"La società che rifiuta e nasconde la morte non lascia tempo e spazio alla trasformazione della materia che invecchia". Esordisce così, con queste parole vere e forti, Giancarlo Fornasier in un recente articolo dedicato ai ruderi, questi oggetti indesiderati da una "visione distorta e menzognera dello sviluppo urbanistico". Ma sono spesso proprio i ruderi a possedere quella "carica emotiva" che fa difetto agli edifici banali e standardizzati che distinguono l'architettura speculativa di cui pullula ormai il territorio.
foto:Beberan.com
Eppure, il più delle volte, il destino di quegli edifici a volte impropriamente chiamati ruderi è segnato: anziché intervenire per ridare loro "una decenza formale ed estetica", si preferisce lasciarli cadere nell'oblio ("atto supremo del rifiuto", scrive Fornasier, "di cui il rudere è la più alta rappresentazione") per poi abbatterli... con buona coscienza di tutti.

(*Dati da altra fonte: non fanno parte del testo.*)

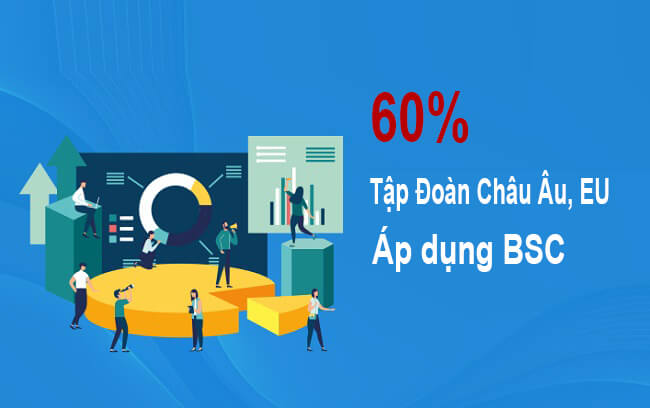 thẻ điểm cân bằng BSC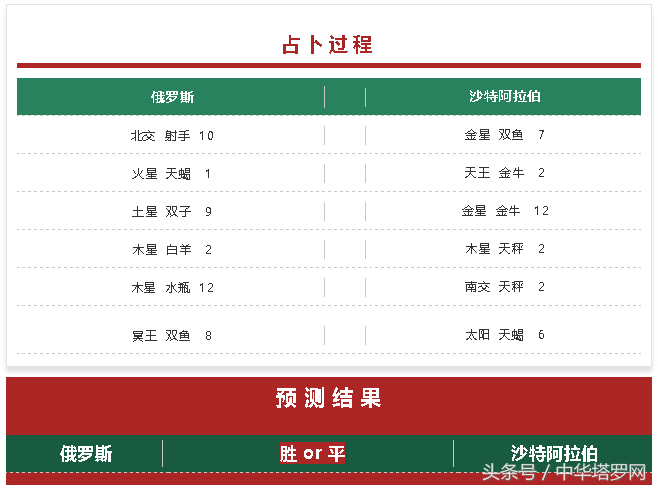 世界杯开始圣杯(世界杯：6月14日晚，俄罗斯对沙特，赛果大预测)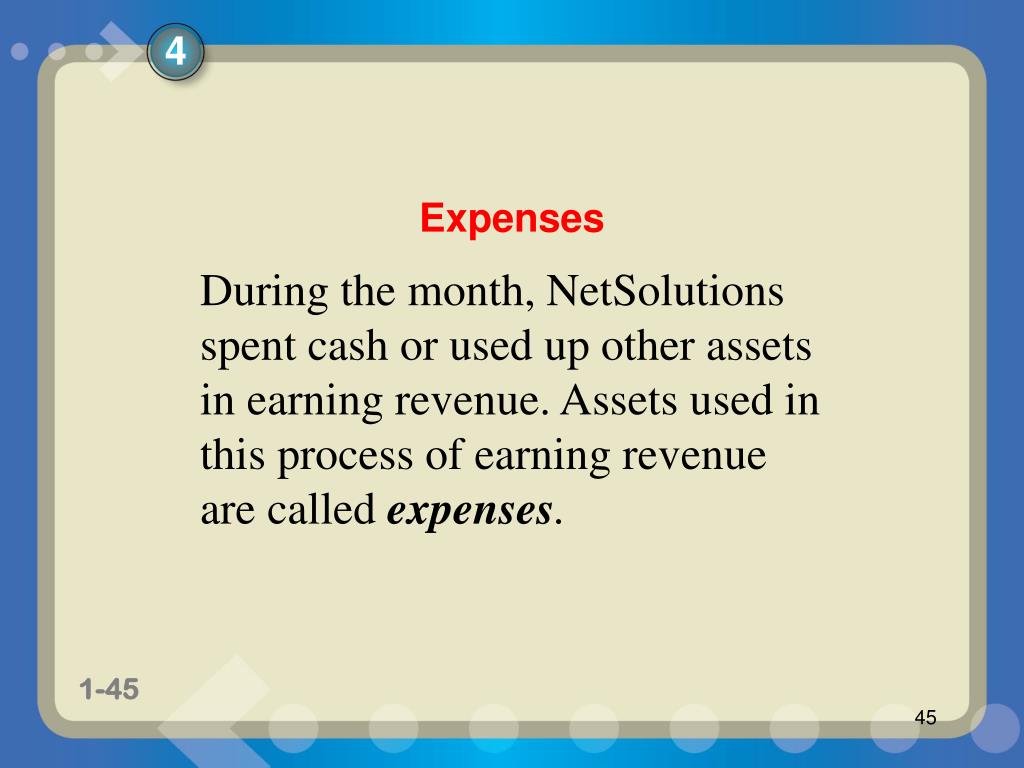 PPT Introduction to Accounting and Business PowerPoint Presentation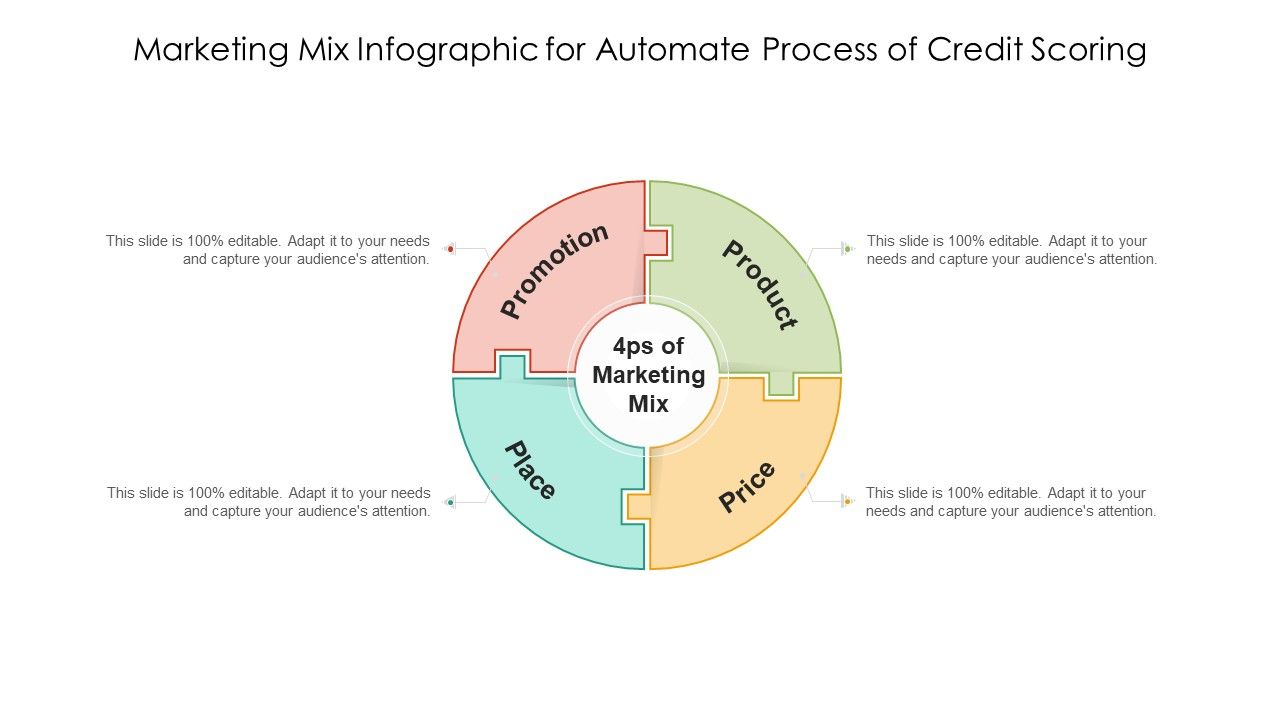 Marketing_Mix_Infographic_For_Automate_Process_Of_Credit_Scoring_Ppt_Slides_Example_File_PDF_Slide_1.jpg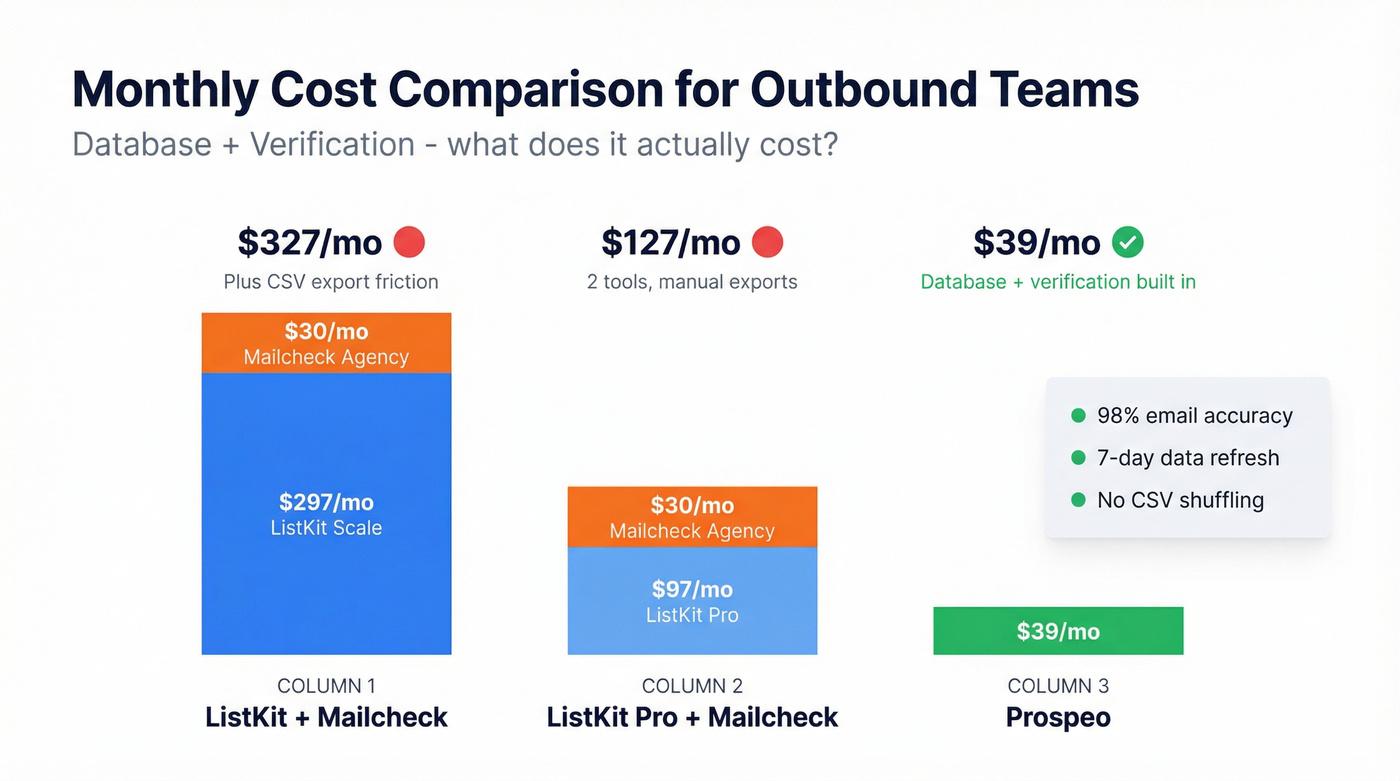 Pricing breakdown comparing ListKit, Mailcheck, and Prospeo stacks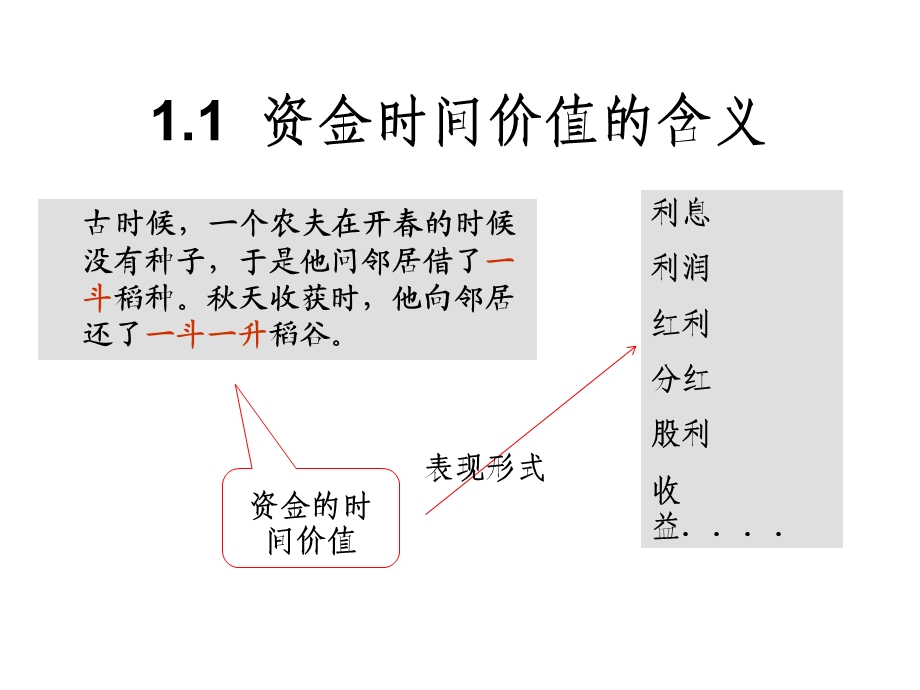 东南大学工程经济学资金的时间价值(第二讲).ppt_第3页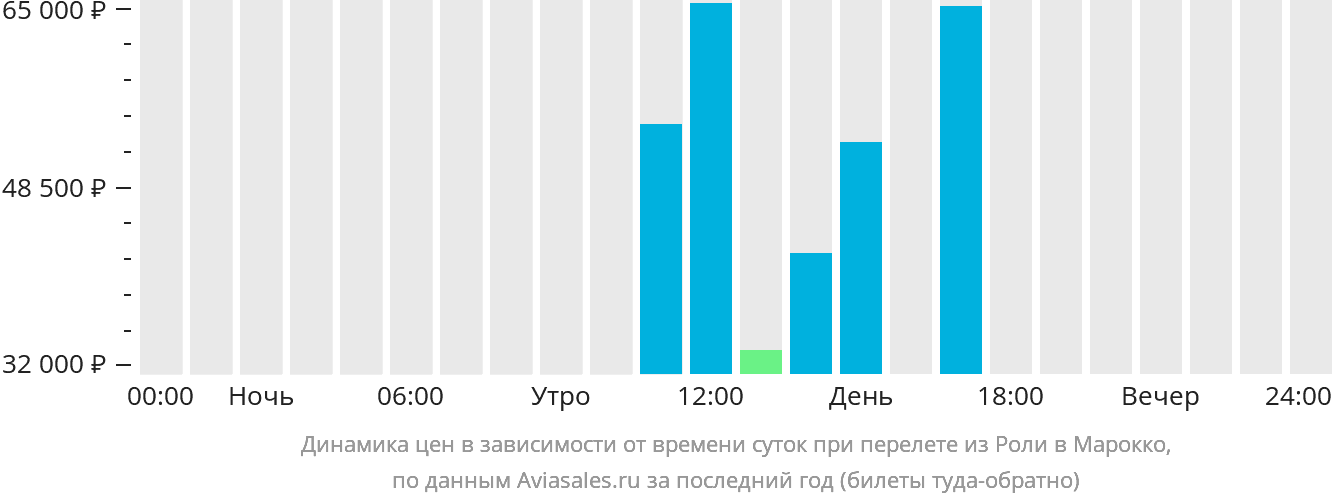 Динамика цен в зависимости от времени вылета из Роли в Марокко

Eccetto -dico io- di coloro che nella memoria vedono un collante sociale, un valore portatore di civiltà. Non era forse Croce che affermava che il paesaggio è la memoria della Patria? Ho ritrovato questa riflessione di Salvatore Settis, emblematica in proposito:
"Non si tratta di difenderlo in quanto bello ma in quanto memoria. Un paesaggio sul Carso devastato della prima guerra mondiale non è bello ma merita di essere ricordato. Perdere la memoria collettiva di un Paese o di una città è esattamente come perdere la memoria individuale per un uomo".